| AVAILABLE DATA |
★ ★ ★ ★ ★ ★ ★

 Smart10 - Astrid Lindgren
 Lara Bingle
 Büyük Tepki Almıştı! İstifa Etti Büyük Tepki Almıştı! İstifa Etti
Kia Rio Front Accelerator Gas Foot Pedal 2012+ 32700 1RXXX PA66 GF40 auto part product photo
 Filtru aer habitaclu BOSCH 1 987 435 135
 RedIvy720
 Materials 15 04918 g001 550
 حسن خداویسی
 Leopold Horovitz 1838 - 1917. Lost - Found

★ ★ ★ ★ ★ ★ ★

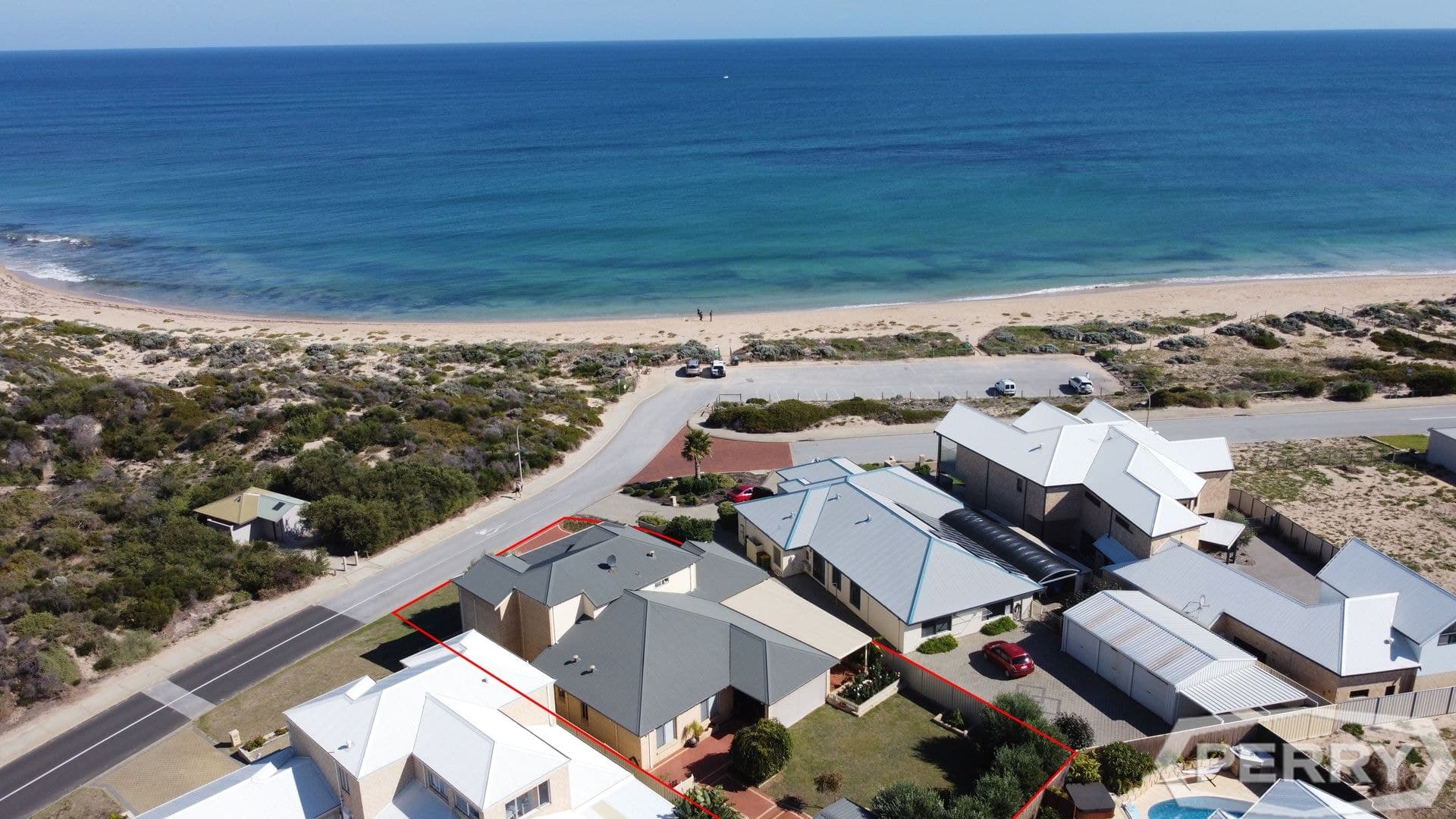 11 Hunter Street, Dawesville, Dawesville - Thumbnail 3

★ ★ ★ ★ ★ ★ ★

| INSTRUCTIONS TO FOLLOW |
Taking the lines above, repeat exactly those from the line that contains "Materials 15 04918 g001 550" through the line that contains "Leopold Horovitz 1838 - 1917. Lost - Found", and both of those lines as well. Include nothing else.

| ANSWER SPACE |
 Materials 15 04918 g001 550
 حسن خداویسی
 Leopold Horovitz 1838 - 1917. Lost - Found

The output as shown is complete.